The narrator brings up the question of who authored the letter, but fails to answer it at this point.  Instead, the narrator raises any number of possibilities, including a thinly-veiled Joycean figure:  "a too pained whittlewit laden with the loot of learning."  Moving on, the narrator, and Joyce, implore us to be patient, for "patience is the great thing, and above all things else we must avoid anything like being or becoming out of patience."  (That's a good rallying cry for me and this blog.)  It may happen that "after years upon years of delving in ditches dark" some authority might try to say this is all a lot less complicated than it seems, but the narrator and Joyce imply that that person isn't around anywhere yet.

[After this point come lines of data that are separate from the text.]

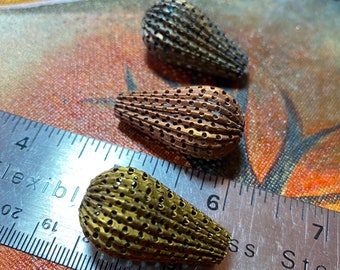 May include: Close-up of several metal beads with a textured, perforated design. The beads are teardrop-shaped and come in various metallic colors, including gold, bronze, and copper. A metal ruler is in the foreground, providing scale.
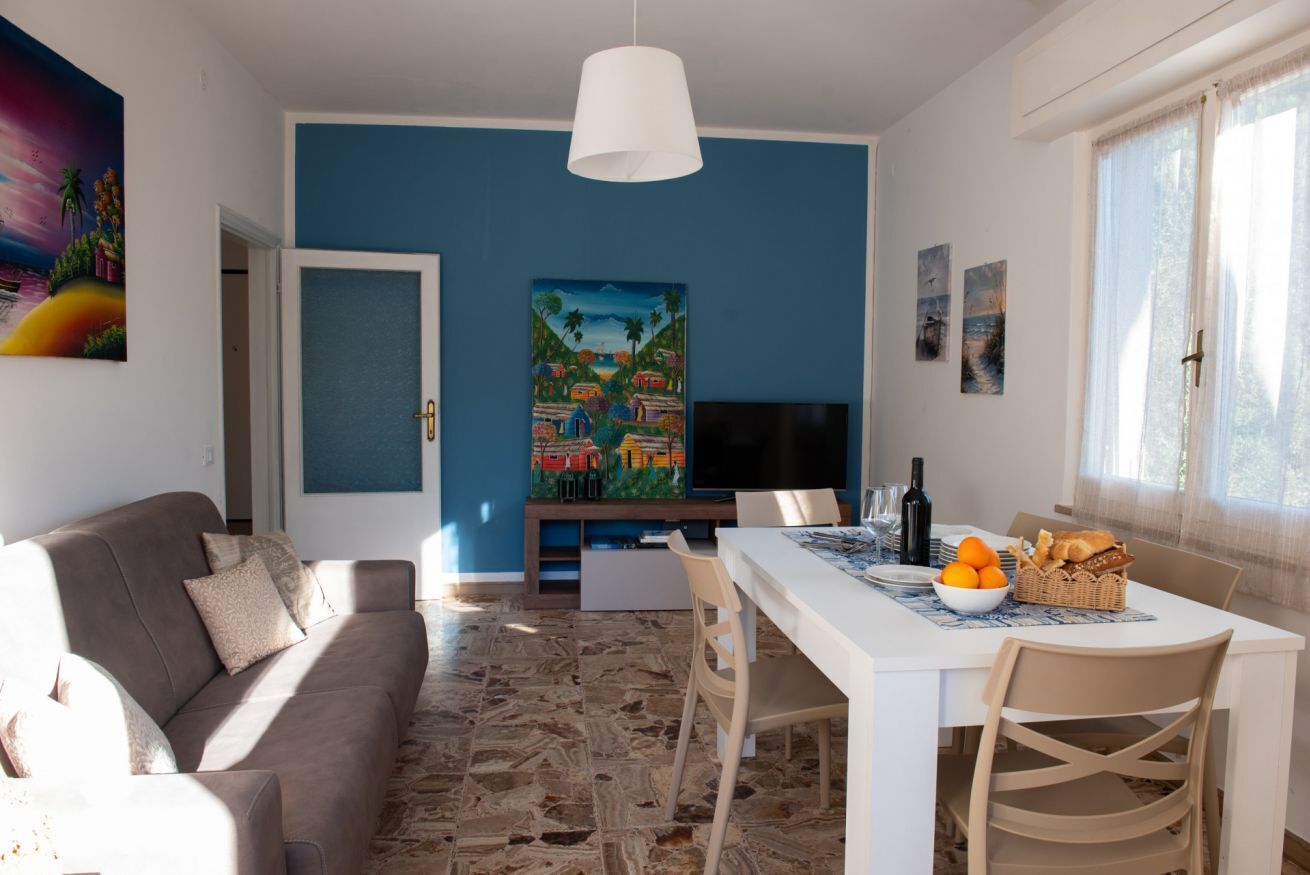 A modern living room with a sofa, dining table, and artwork on the walls.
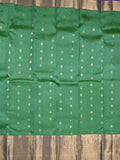 Kanchi pattu saree peacock green color allover zari motifs & kanchi border with rich pallu and contrast plain blouse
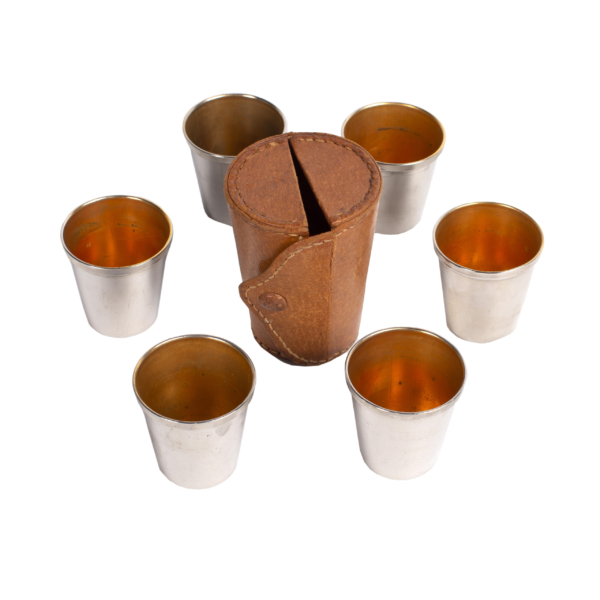 Set of 6 antique glasses, in silver and engraved with the signature "CROSS", golden interior and has an original leather case in light brown.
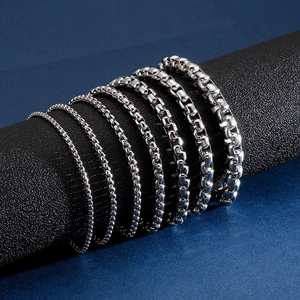 Bracelets gourmette en acier argenté de diverses largeurs sur un présentoir cylindrique noir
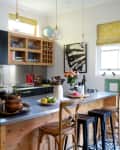 A black and white kitchen with a big wooden island in the middle.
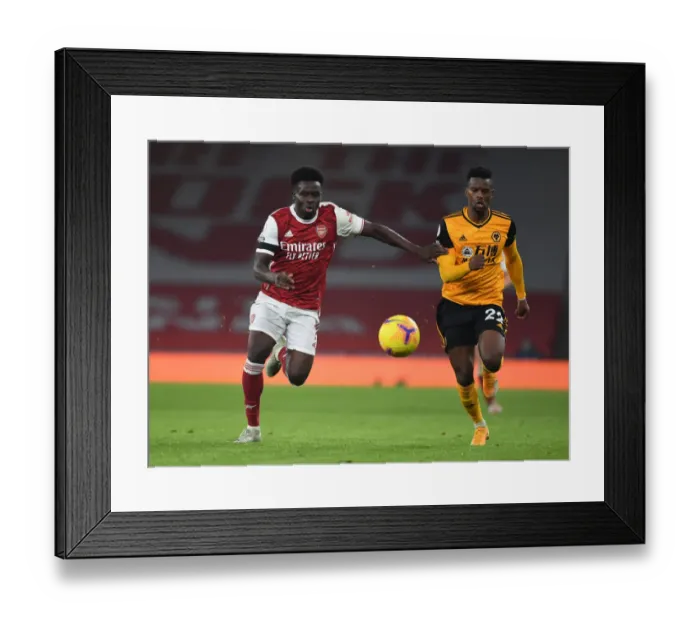 Framed Print : Saka vs. Semedo: A Battle at Empty Emirates - Arsenal vs. Wolverhampton Wanderers (2020-21) Framed Print : Saka vs. Semedo: A Battle at Empty Emirates - Arsenal vs. Wolverhampton Wanderers (2020-21)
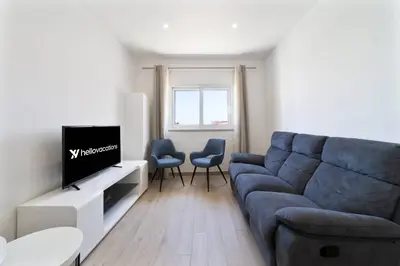 a living room with a blue couch and two chairs at Golden View Villa by HelloVacations in Albufeira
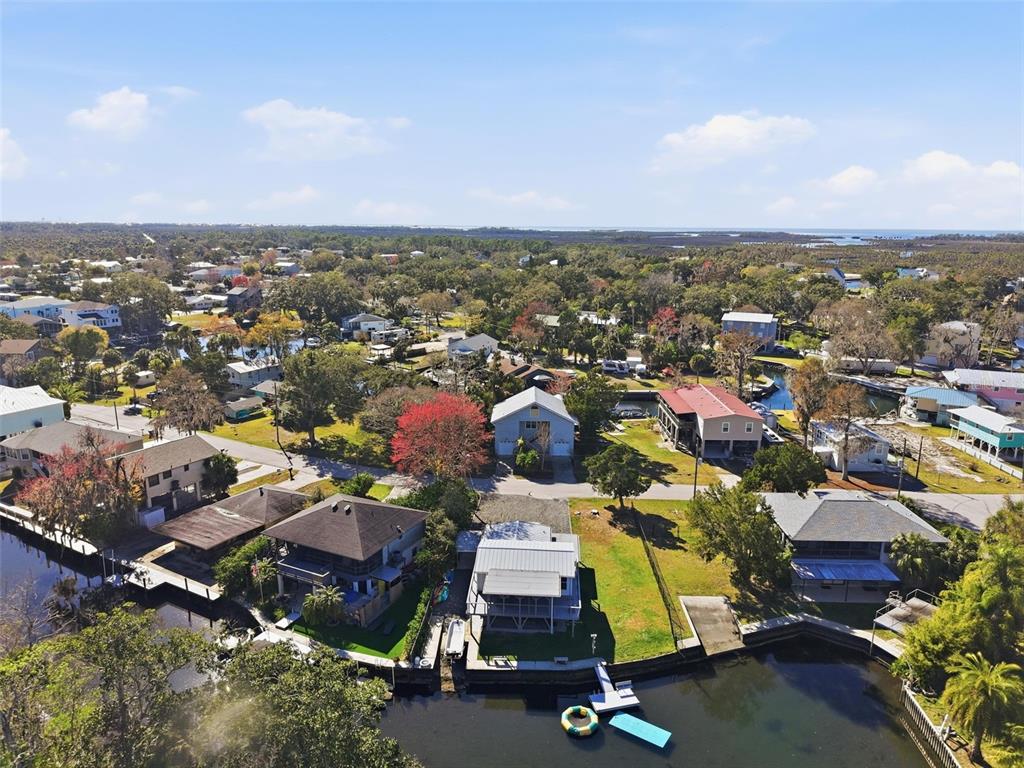 An aerial view shows waterfront houses with docks along a canal in a wooded area — 7266 TROPICAL DRIVE, WEEKI WACHEE, FL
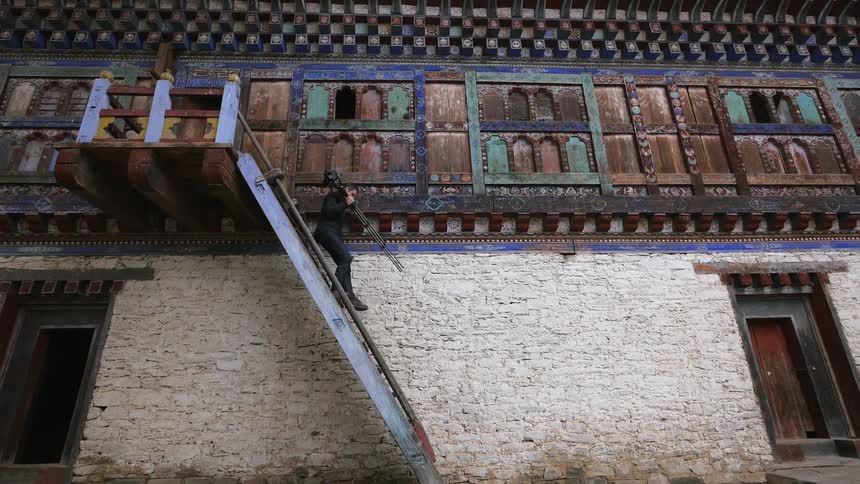 A man walking down steep stairs holding a camera with a tripod
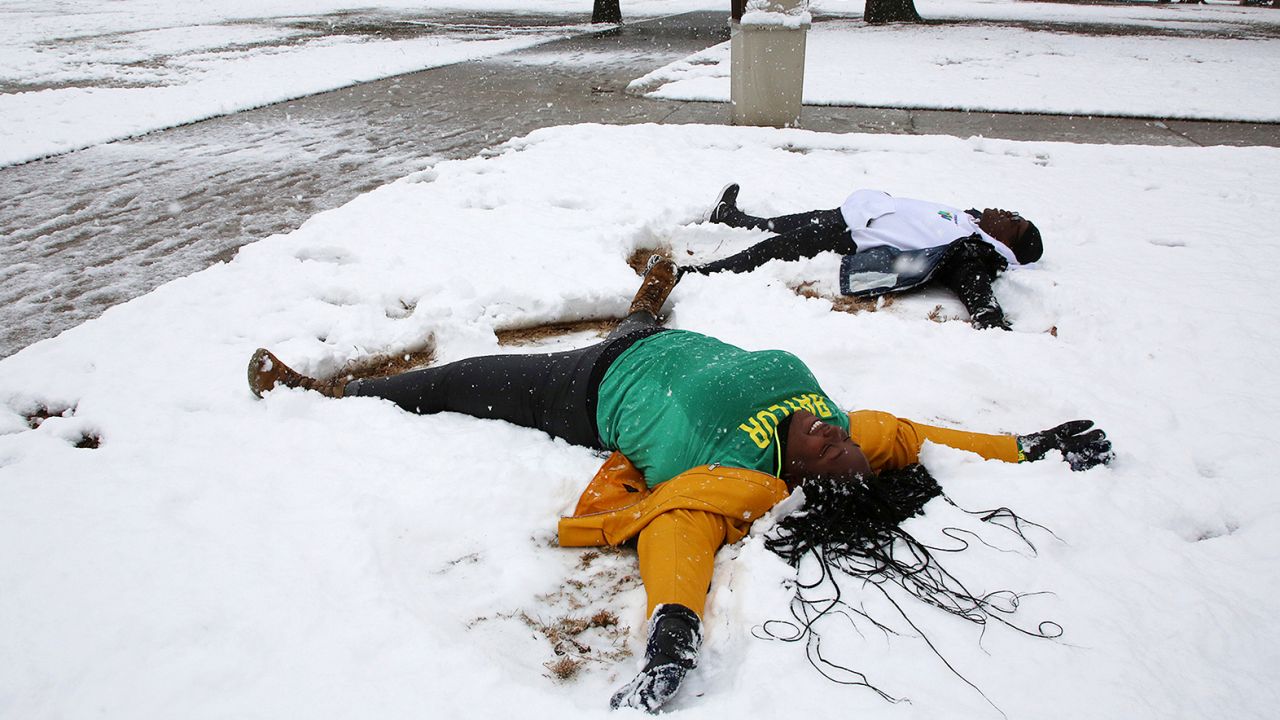 Baylor University students make snow angels after at least 5 inches were reported Sunday.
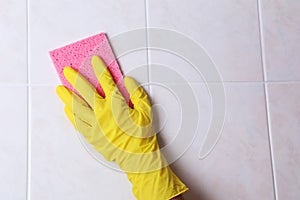 Cleaning kitchen tiles with a sponge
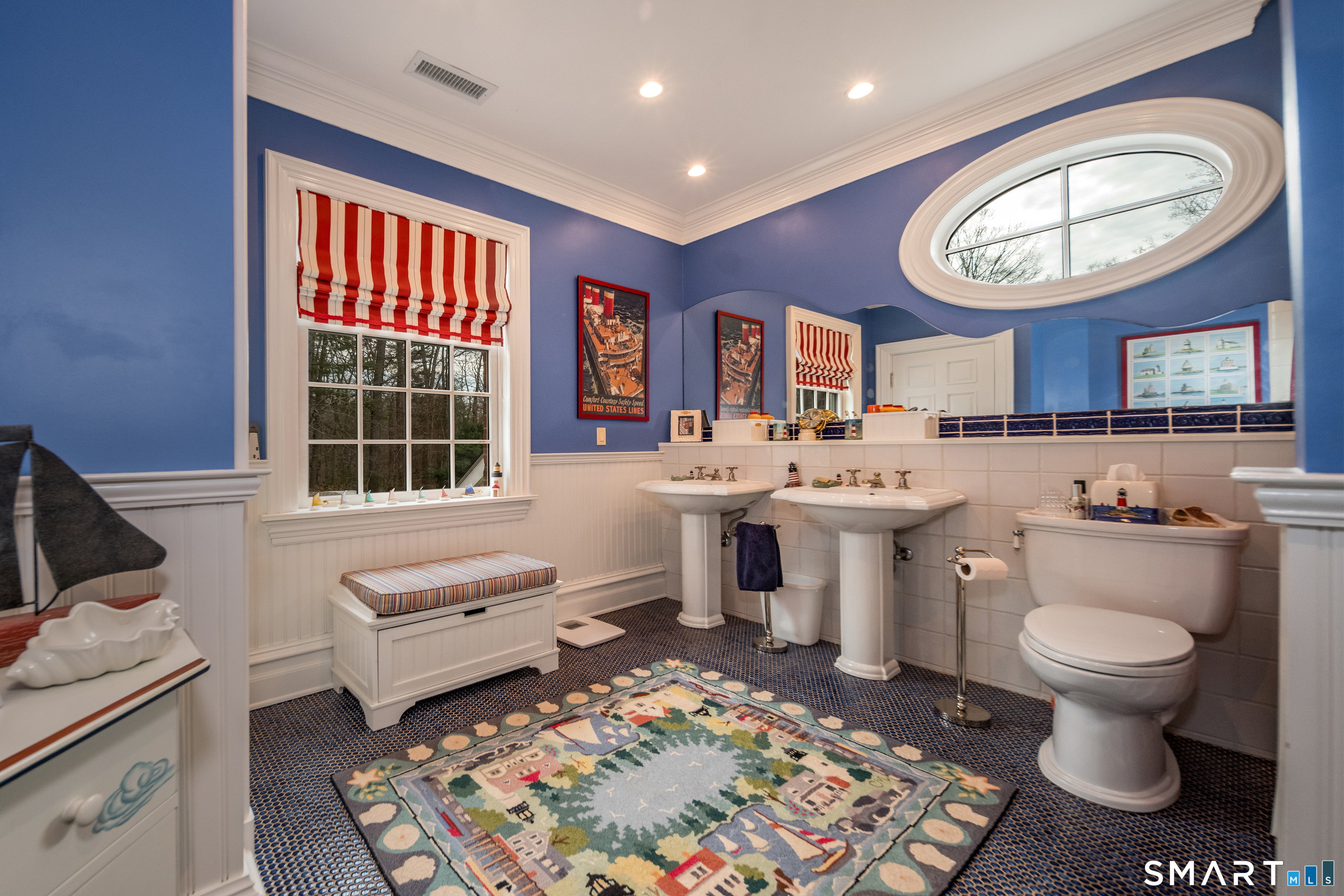 24 Indigo Trail Madison, CT 06443 - Photo 31 of 40 a spacious bathroom with a toilet sink and mirror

After all, the narrator and Joyce say, readers of the letter and the Wake can't jump to any conclusions based on what they don't see in the text.  It might be there -- we might just be looking in the wrong places.  Or maybe we're looking for the wrong thing in the right places.  This leads into the masterful paragraph that takes up the whole of page 109.

Really, I almost don't want to write anything about that paragraph on page 109.  It's as funny as it is fascinating, and what it says can't be said better in any other way.  This page should be required reading for any student of English literature, or really any student of literature.  To put it too-simply, Joyce says that you can't judge a book by its cover, but you need to remember that the cover is a critical part of the book.  He uses the examples of an envelope containing a letter and the clothes worn by a woman.  It's the letter and the woman that are important, but the envelope and the clothes are essential to our understanding of them, just as the essence or whatness behind the letter and the woman is deeply significant.

I could go on.  Like I said, I absolutely love this passage.  But it's best if you read it on your own.  Seriously, if you haven't read any of the Wake, read this passage.  Catching the references isn't as important or necessary here as in other passages, and it easily stands by itself (even though it fits perfectly with and informs the rest of the book).  Read it, now!